WORK ITEM: In this exercise, print only the lines from the line with "Connor McDavid Edmonton" to the last line of the data below, inclusive. Any pictures should be left out.

WORKING DATA:
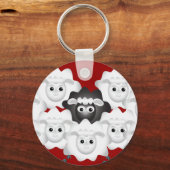 Cute Black Sheep of the Family Sleutelhanger (Voorkant)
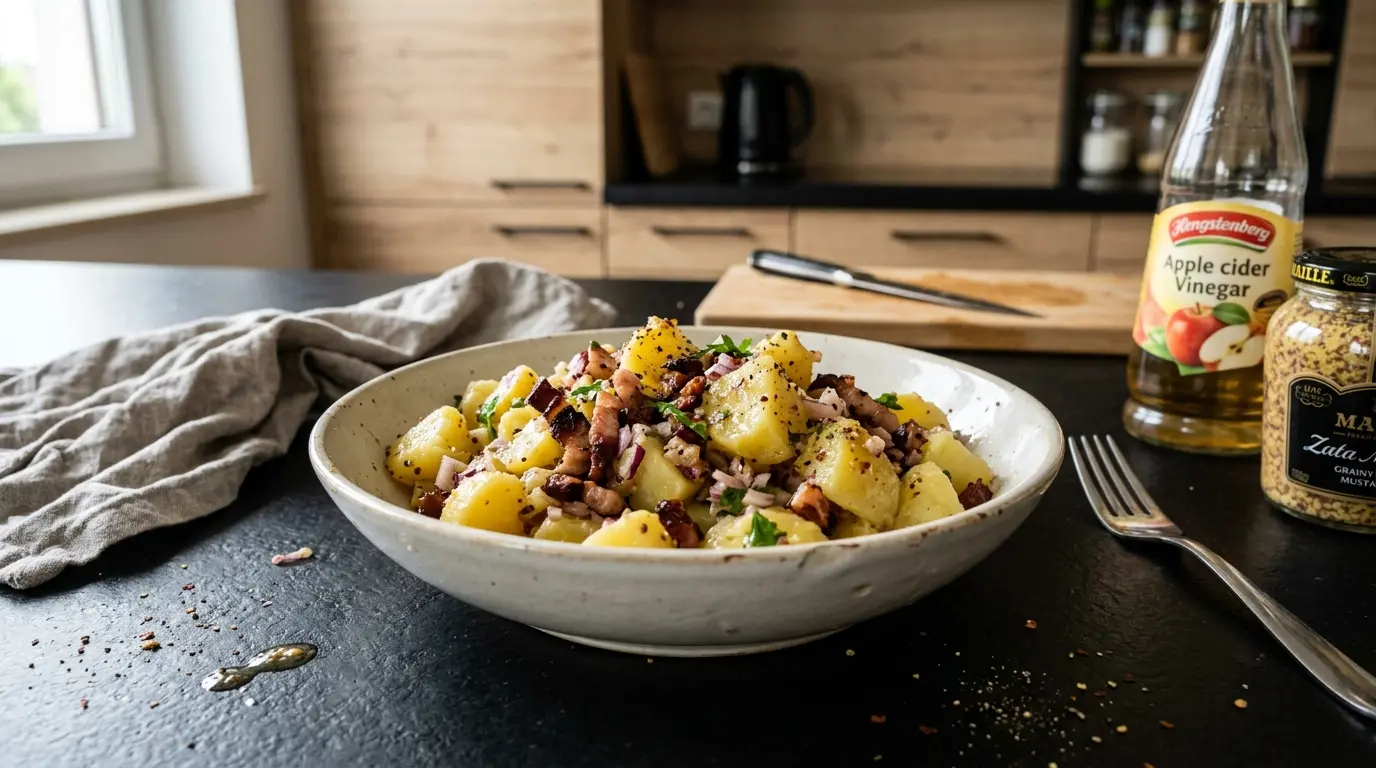 Kartoffelsalat z boczkiem po bawarsku
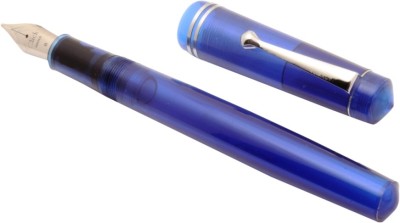 Ledos Ledos Click Aristocrat Full Demonstrator Blue 3 in 1 Ink Filling System Broad Nib Fountain Pen Fountain Pen(Blue)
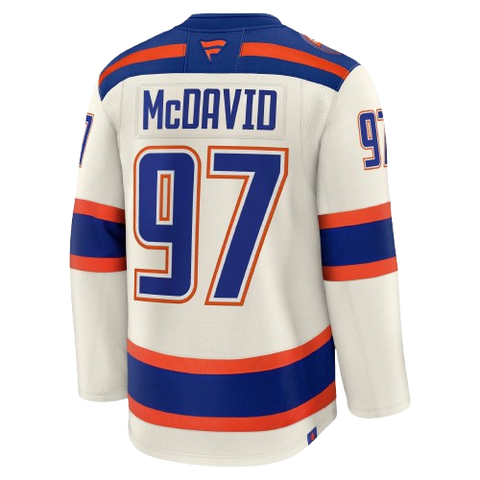 Connor McDavid Edmonton Oilers Fanatics Premium Jersey Alternate - Cream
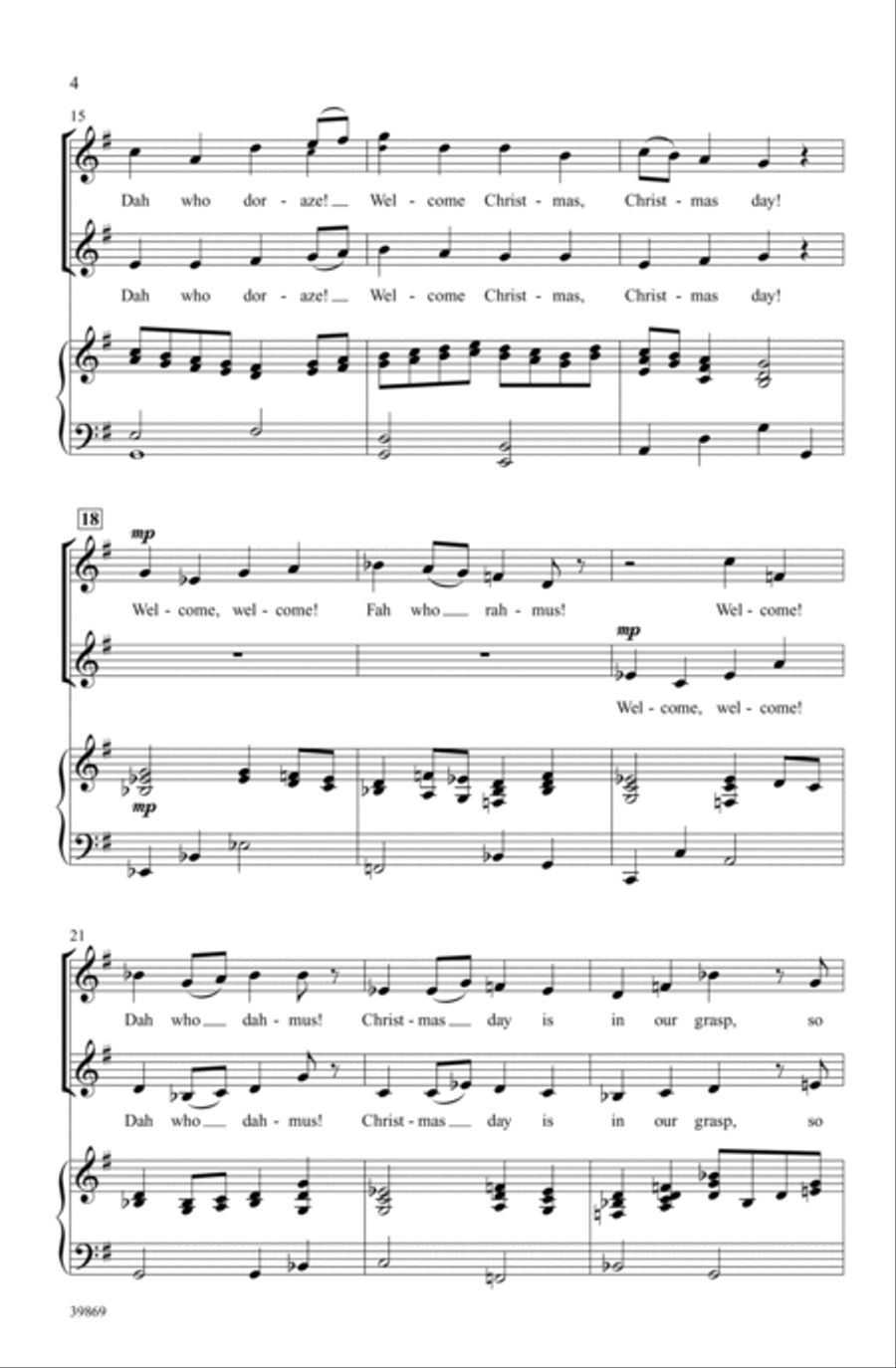 Welcome Christmas (from How the Grinch Stole Christmas) Choir scores gallery preview page 3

WRITTEN SOLUTION:
 Connor McDavid Edmonton Oilers Fanatics Premium Jersey Alternate - Cream
 Welcome Christmas (from How the Grinch Stole Christmas) Choir scores gallery preview page 3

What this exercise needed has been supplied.